* SUPPLIED ENTRIES:
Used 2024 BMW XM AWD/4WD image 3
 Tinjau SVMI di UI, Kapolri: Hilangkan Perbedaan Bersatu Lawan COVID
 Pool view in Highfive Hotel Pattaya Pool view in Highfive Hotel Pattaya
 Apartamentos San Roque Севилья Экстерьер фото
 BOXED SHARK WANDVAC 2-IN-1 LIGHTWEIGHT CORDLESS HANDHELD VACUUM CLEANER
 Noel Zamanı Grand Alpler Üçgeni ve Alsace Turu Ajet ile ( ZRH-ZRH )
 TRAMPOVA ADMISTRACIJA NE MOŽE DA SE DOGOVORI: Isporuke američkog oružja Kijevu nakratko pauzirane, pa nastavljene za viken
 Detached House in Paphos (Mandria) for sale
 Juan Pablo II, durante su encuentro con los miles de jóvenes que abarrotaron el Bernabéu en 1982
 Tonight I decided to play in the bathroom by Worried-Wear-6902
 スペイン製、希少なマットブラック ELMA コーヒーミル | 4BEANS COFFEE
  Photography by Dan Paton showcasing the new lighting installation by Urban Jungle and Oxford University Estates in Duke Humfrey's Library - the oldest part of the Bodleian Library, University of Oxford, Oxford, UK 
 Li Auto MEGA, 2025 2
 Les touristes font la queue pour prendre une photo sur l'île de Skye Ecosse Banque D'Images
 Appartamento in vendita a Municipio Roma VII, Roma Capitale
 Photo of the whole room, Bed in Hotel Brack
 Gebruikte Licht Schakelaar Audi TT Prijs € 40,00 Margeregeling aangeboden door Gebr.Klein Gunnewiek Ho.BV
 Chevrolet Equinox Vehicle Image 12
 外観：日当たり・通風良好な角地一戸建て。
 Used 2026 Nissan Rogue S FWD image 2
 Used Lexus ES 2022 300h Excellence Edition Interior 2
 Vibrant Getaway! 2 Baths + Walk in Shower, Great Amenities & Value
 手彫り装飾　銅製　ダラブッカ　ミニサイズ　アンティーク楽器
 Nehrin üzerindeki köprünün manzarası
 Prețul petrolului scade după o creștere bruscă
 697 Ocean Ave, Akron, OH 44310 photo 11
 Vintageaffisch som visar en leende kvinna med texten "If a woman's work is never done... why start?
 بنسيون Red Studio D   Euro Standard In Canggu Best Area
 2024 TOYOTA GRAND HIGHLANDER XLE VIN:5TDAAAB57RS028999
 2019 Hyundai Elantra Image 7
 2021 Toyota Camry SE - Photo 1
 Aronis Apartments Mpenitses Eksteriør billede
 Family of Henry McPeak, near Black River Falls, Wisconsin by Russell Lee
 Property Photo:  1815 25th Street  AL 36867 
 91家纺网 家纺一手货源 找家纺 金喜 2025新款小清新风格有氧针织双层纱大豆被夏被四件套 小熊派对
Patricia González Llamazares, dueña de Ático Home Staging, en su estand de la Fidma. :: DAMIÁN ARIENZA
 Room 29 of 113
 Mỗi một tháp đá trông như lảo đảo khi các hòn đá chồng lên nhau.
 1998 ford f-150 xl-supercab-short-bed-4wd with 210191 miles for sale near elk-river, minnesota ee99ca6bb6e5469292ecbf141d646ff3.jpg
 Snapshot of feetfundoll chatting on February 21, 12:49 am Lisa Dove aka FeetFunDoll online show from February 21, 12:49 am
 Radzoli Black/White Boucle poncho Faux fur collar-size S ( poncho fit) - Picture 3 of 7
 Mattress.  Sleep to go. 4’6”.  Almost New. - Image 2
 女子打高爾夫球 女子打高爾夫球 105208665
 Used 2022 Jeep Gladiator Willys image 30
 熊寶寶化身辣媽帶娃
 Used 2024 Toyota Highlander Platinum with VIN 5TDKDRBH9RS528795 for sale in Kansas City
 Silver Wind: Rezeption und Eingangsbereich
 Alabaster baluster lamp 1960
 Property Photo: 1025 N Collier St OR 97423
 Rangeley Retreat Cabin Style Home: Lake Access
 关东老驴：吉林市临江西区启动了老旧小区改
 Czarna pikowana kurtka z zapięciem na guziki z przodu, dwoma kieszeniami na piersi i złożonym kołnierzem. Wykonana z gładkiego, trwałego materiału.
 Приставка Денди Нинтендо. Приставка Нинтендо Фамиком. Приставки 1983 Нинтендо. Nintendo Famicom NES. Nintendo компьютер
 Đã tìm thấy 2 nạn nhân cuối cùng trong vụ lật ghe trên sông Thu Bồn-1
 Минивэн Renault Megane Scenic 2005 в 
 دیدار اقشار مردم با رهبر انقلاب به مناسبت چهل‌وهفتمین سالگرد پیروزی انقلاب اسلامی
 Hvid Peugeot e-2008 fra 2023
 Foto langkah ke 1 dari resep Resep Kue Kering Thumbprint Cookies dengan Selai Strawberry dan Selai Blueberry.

* TASK BRIEF: Word for word, copy the line containing "Property Photo: 1025 N Collier St OR 97423" and each line after it to the end of the records, and nothing besides.

* PROBLEM SOLUTION:
 Property Photo: 1025 N Collier St OR 97423
 Rangeley Retreat Cabin Style Home: Lake Access
 关东老驴：吉林市临江西区启动了老旧小区改
 Czarna pikowana kurtka z zapięciem na guziki z przodu, dwoma kieszeniami na piersi i złożonym kołnierzem. Wykonana z gładkiego, trwałego materiału.
 Приставка Денди Нинтендо. Приставка Нинтендо Фамиком. Приставки 1983 Нинтендо. Nintendo Famicom NES. Nintendo компьютер
 Đã tìm thấy 2 nạn nhân cuối cùng trong vụ lật ghe trên sông Thu Bồn-1
 Минивэн Renault Megane Scenic 2005 в 
 دیدار اقشار مردم با رهبر انقلاب به مناسبت چهل‌وهفتمین سالگرد پیروزی انقلاب اسلامی
 Hvid Peugeot e-2008 fra 2023
 Foto langkah ke 1 dari resep Resep Kue Kering Thumbprint Cookies dengan Selai Strawberry dan Selai Blueberry.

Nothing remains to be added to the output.